Your job is to return each record exactly, minus any pictures.

**Exercise data**
==*==
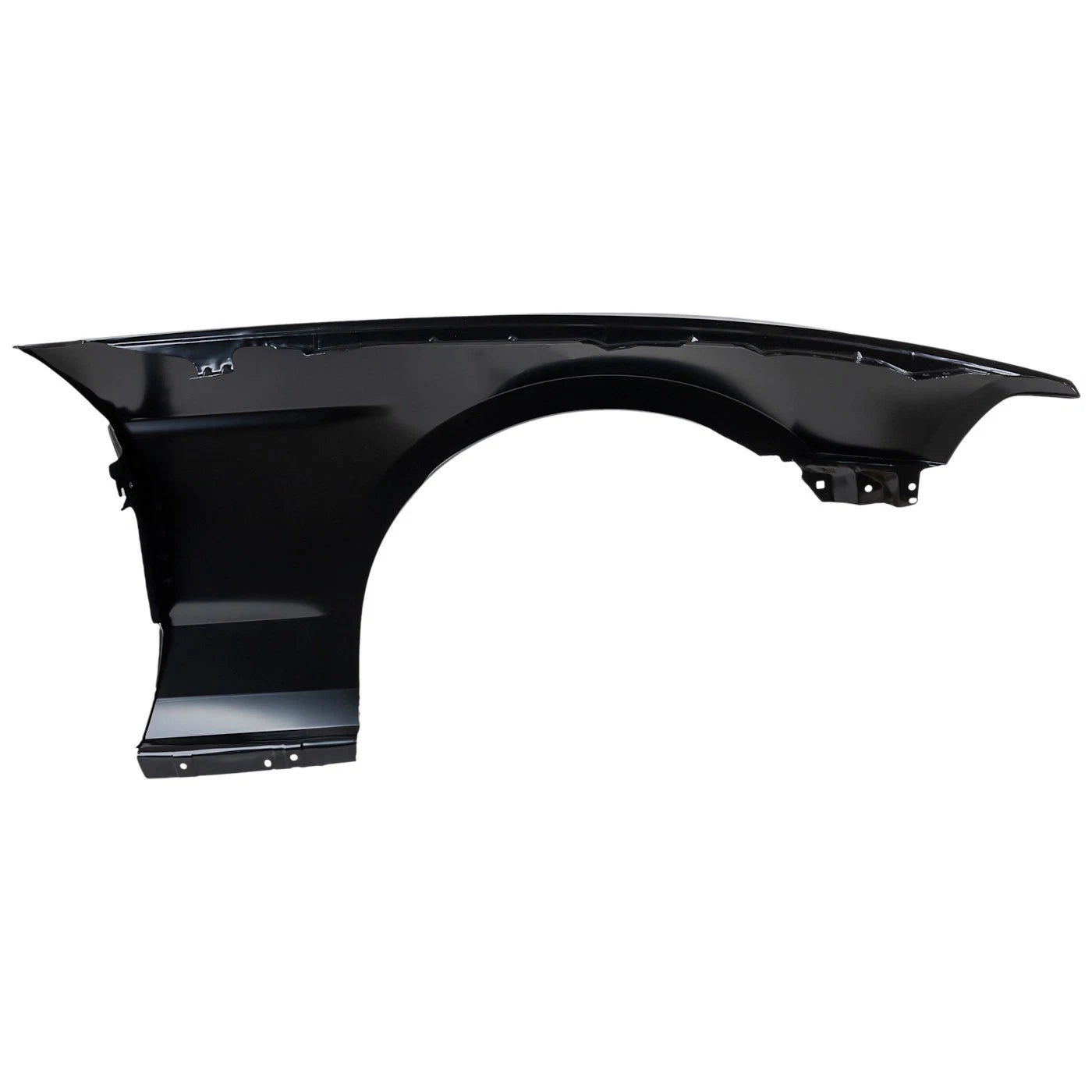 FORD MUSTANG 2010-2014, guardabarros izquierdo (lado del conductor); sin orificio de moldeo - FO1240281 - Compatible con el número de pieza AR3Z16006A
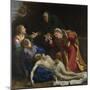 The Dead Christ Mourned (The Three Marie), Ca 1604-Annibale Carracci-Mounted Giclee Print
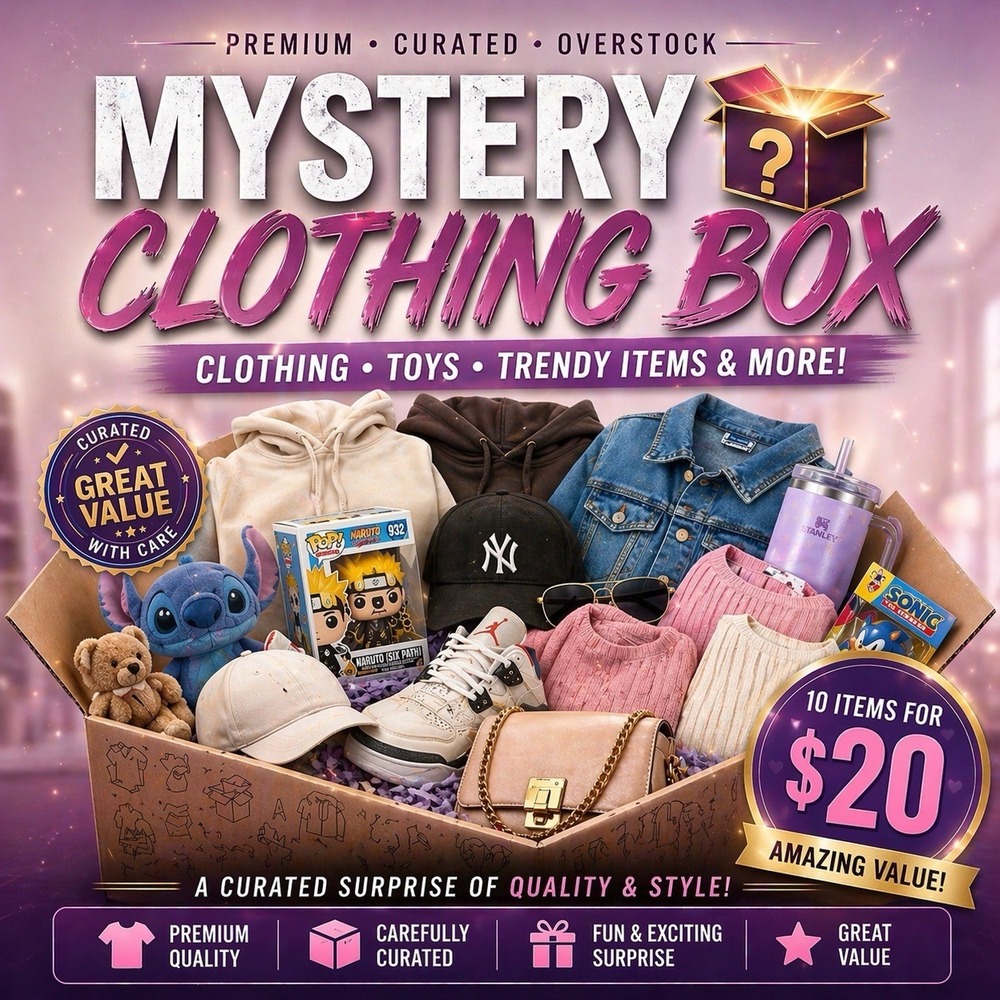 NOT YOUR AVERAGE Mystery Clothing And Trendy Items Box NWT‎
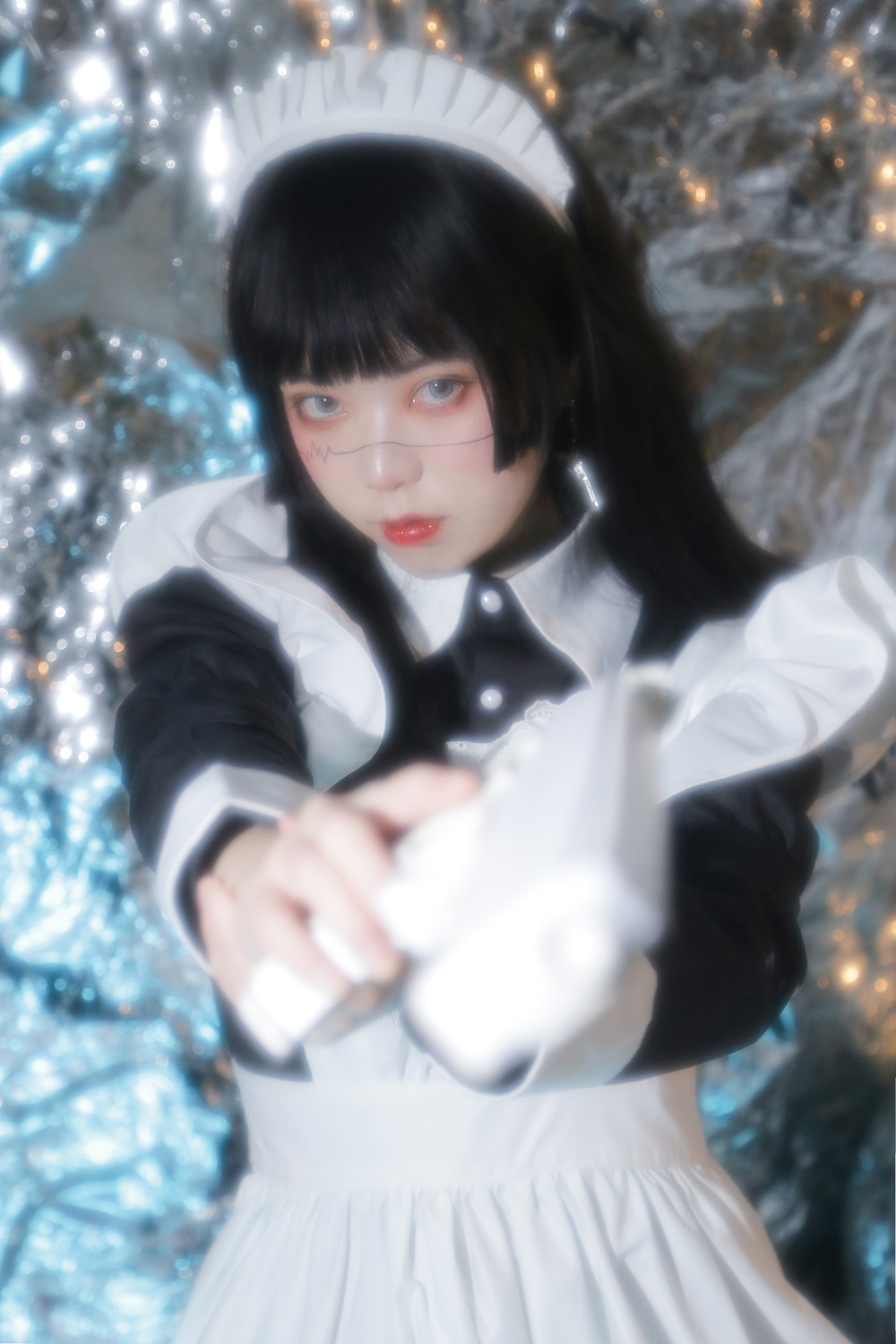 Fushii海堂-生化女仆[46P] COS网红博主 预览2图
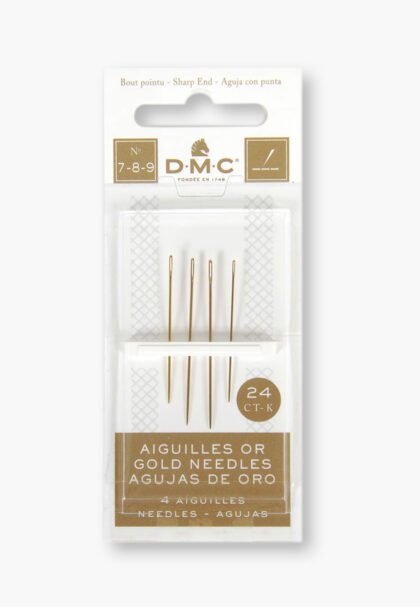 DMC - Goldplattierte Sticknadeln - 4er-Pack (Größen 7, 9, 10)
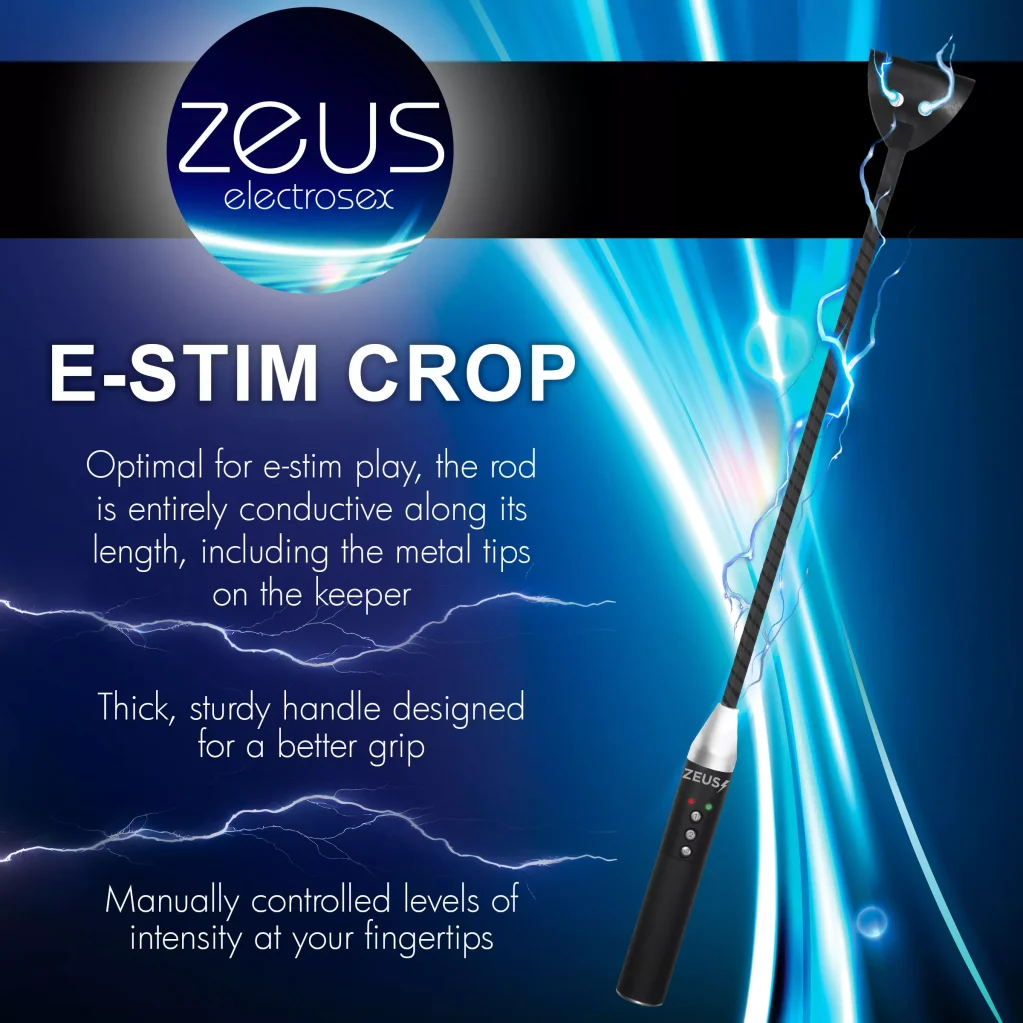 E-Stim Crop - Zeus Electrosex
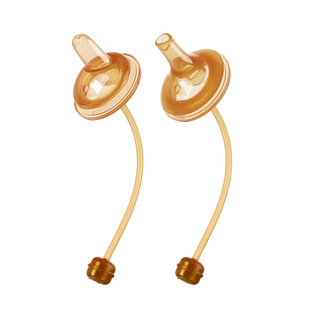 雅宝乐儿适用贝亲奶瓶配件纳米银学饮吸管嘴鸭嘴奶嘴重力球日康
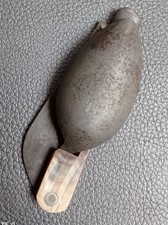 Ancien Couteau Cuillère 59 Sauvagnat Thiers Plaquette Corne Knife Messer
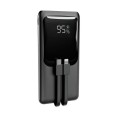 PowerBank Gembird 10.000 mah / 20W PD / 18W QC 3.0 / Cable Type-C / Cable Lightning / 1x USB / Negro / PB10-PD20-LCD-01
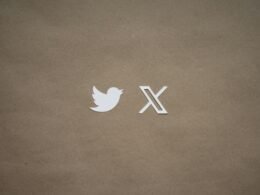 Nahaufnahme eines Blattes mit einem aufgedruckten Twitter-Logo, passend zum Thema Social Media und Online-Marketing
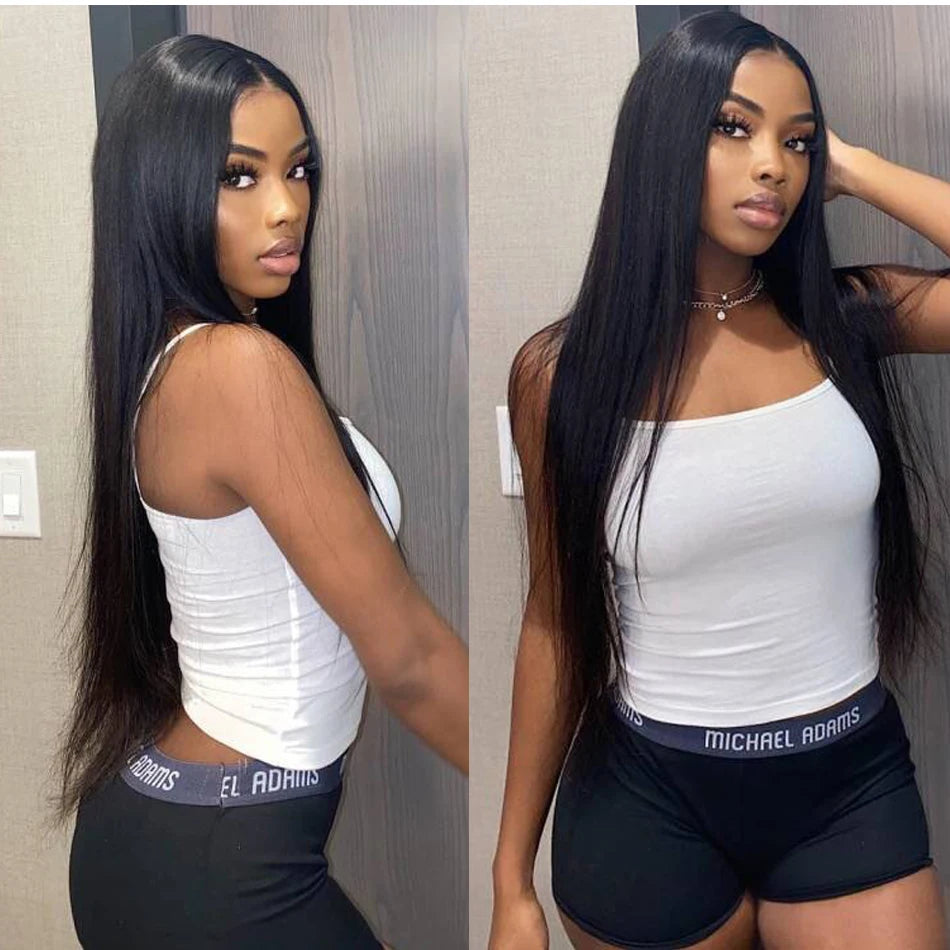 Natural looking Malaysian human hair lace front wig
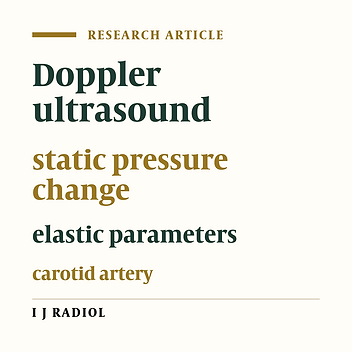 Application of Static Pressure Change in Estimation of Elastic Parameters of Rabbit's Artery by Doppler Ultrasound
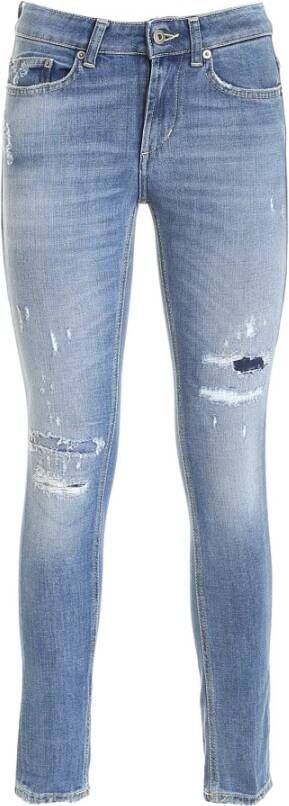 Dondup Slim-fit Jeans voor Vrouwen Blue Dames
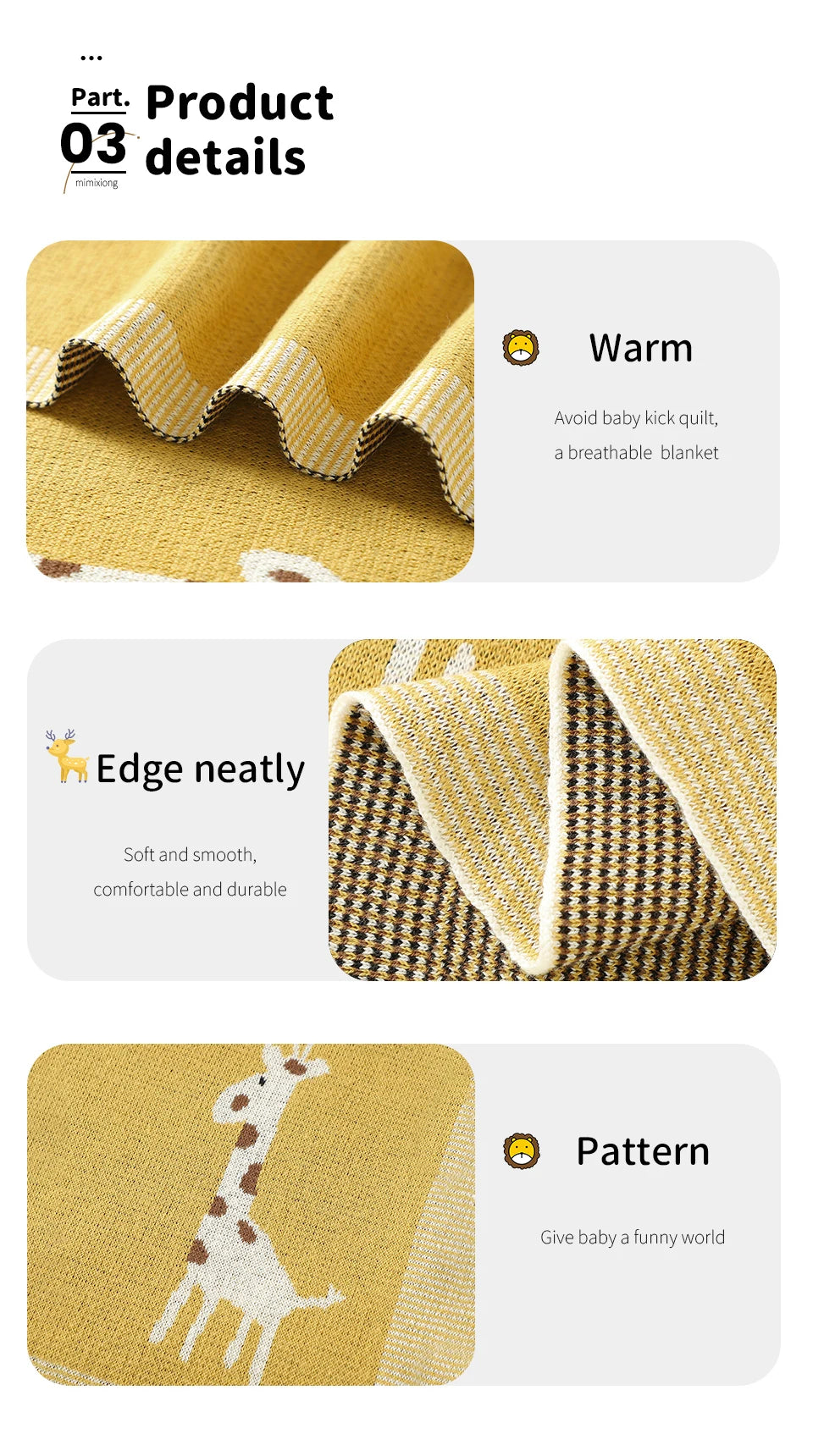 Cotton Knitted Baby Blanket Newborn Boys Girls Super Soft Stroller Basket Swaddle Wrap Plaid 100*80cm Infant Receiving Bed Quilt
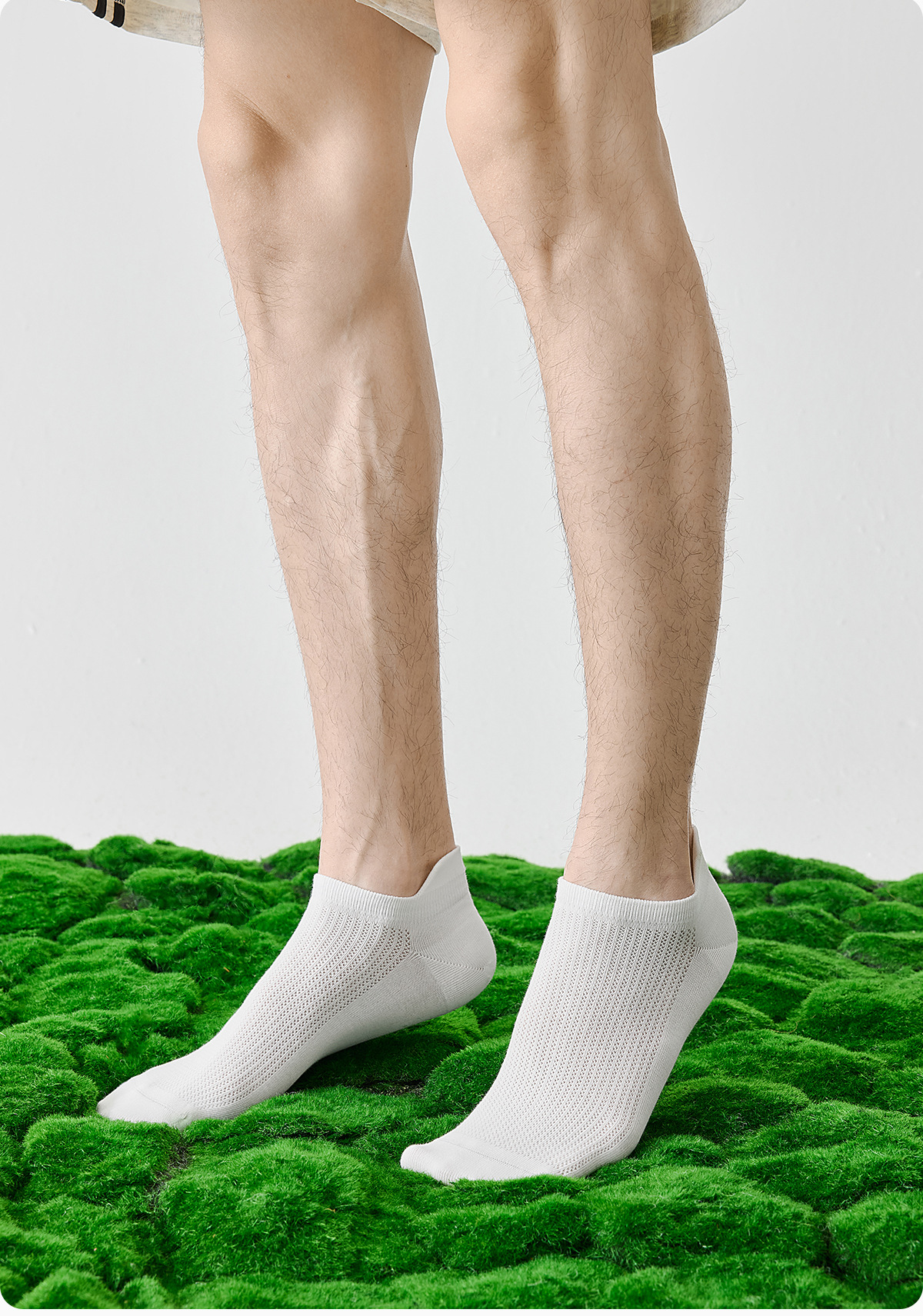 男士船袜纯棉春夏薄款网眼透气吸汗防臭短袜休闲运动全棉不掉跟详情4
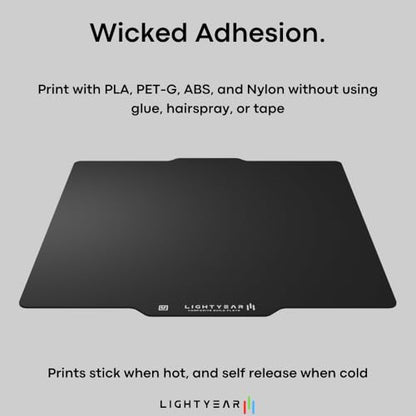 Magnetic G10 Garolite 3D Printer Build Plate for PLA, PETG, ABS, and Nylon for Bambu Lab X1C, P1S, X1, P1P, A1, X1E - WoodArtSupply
==*==
**Worked solution**
 FORD MUSTANG 2010-2014, guardabarros izquierdo (lado del conductor); sin orificio de moldeo - FO1240281 - Compatible con el número de pieza AR3Z16006A
 The Dead Christ Mourned (The Three Marie), Ca 1604-Annibale Carracci-Mounted Giclee Print
 NOT YOUR AVERAGE Mystery Clothing And Trendy Items Box NWT‎
 Fushii海堂-生化女仆[46P] COS网红博主 预览2图
 DMC - Goldplattierte Sticknadeln - 4er-Pack (Größen 7, 9, 10)
 E-Stim Crop - Zeus Electrosex
 雅宝乐儿适用贝亲奶瓶配件纳米银学饮吸管嘴鸭嘴奶嘴重力球日康
 Ancien Couteau Cuillère 59 Sauvagnat Thiers Plaquette Corne Knife Messer
 PowerBank Gembird 10.000 mah / 20W PD / 18W QC 3.0 / Cable Type-C / Cable Lightning / 1x USB / Negro / PB10-PD20-LCD-01
 Nahaufnahme eines Blattes mit einem aufgedruckten Twitter-Logo, passend zum Thema Social Media und Online-Marketing
 Natural looking Malaysian human hair lace front wig
 Application of Static Pressure Change in Estimation of Elastic Parameters of Rabbit's Artery by Doppler Ultrasound
 Dondup Slim-fit Jeans voor Vrouwen Blue Dames
 Cotton Knitted Baby Blanket Newborn Boys Girls Super Soft Stroller Basket Swaddle Wrap Plaid 100*80cm Infant Receiving Bed Quilt
 男士船袜纯棉春夏薄款网眼透气吸汗防臭短袜休闲运动全棉不掉跟详情4
 Magnetic G10 Garolite 3D Printer Build Plate for PLA, PETG, ABS, and Nylon for Bambu Lab X1C, P1S, X1, P1P, A1, X1E - WoodArtSupply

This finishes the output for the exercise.